OpenNMT C++ translator
C++ C CMake
Latest commit 5ae5352 Jan 19, 2017 @guillaumekln guillaumekln committed on GitHub Fix typo

README.md

CTranslate

CTranslate is a C++ implementation of OpenNMT's translate.lua script, with no Torch/Lua dependencies. It facilitates the use of OpenNMT models in existing products and on various platforms using Eigen as a backend.
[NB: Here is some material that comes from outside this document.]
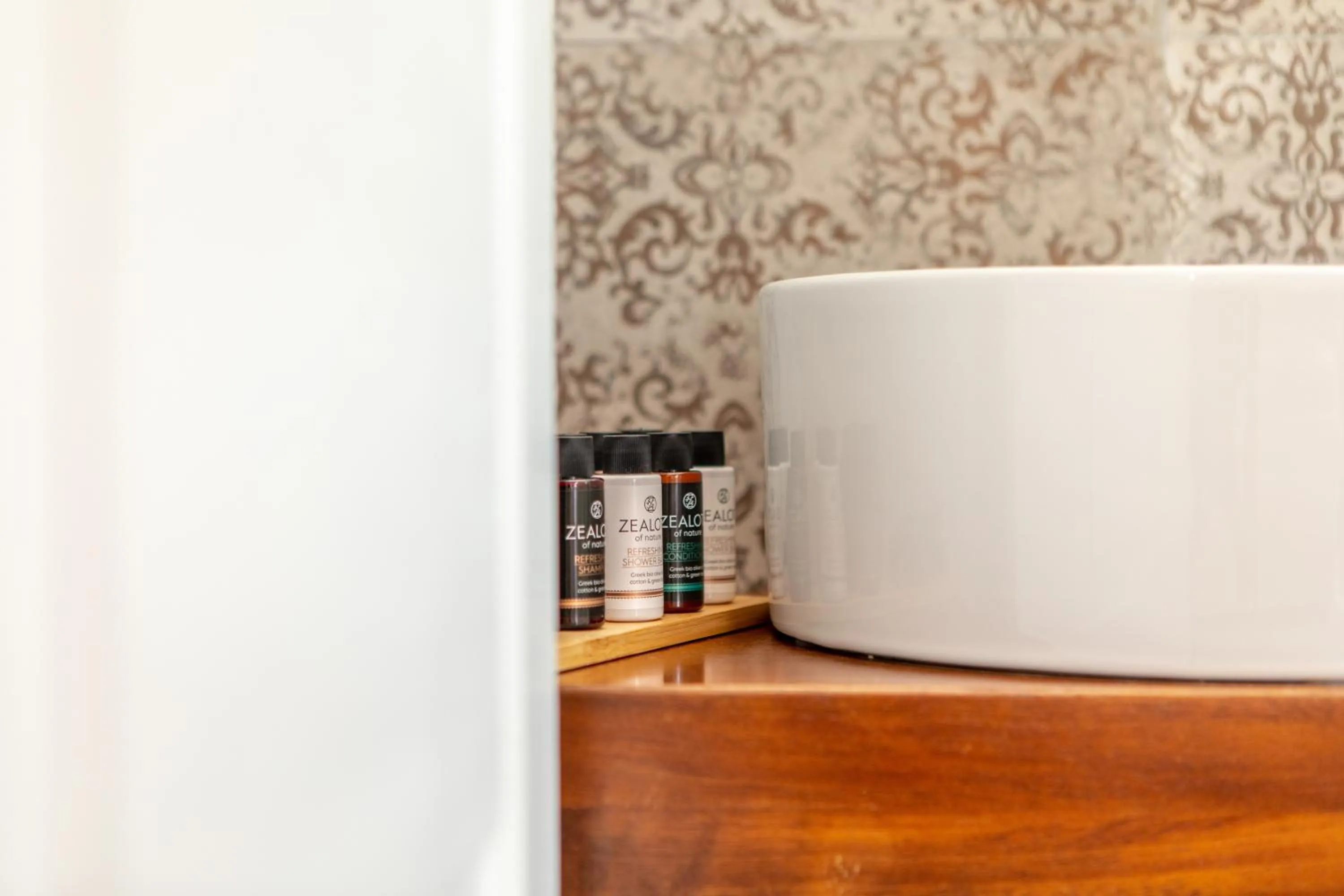 Bathroom in Castle Mansions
It supports CPU OpenNMT models. You can convert GPU trained models with the release_model.lua script.

Dependencies

  • Boost
  • Eigen > 3.3

Compiling

CMake and a compiler that supports the C++11 standard are required to compile the project.

mkdir build
cd build
cmake -DEIGEN_ROOT=<path to Eigen library> ..
make

It will produce the dynamic library libonmt.so and the translation client cli/translate. To compile only the library, use the -DLIB_ONLY=ON flag.

Performance tips

  • Unless you are cross-compiling for a different architecture, you can add -DCMAKE_CXX_FLAGS="-march=native" to the cmake command above to optimize for speed.
  • Consider using Intel® MKL if available. You should follow Eigen instructions to link against it.

Using

Client

See cli/translate --help. It has the same interface as the translate.lua script in OpenNMT while adding the ability to work with the standard input and output.

Library

This project is also a convenient way to load OpenNMT models and translate texts in existing software.
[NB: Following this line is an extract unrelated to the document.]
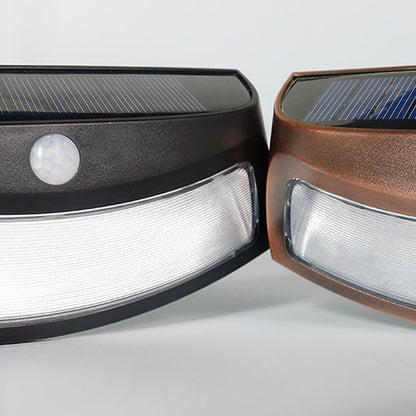 Intelligent Light Control Human Motion Sensor Solar Outdoor LED Wall Light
Here is a very simple example:

#include <iostream>

#include <onmt/onmt.h>

int main()
{
  // Create a new Translator object.
  auto translator = onmt::TranslatorFactory::build("enfr_model_release.t7");

  // Translate a tokenized sentence.
  std::cout << translator->translate("Hello world !") << std::endl;

  return 0;
}

For a more advanced usage, see:

  • include/onmt/TranslatorFactory.h to instantiate a new translator
  • include/onmt/ITranslator.h (the Translator interface) to translate sequences or batch of sequences
  • include/onmt/TranslationResult.h to retrieve results and attention vectors
  • include/onmt/Threads.h to programmatically control the number of threads to use

Missing features

  • OpenNMT tokenization and detokenization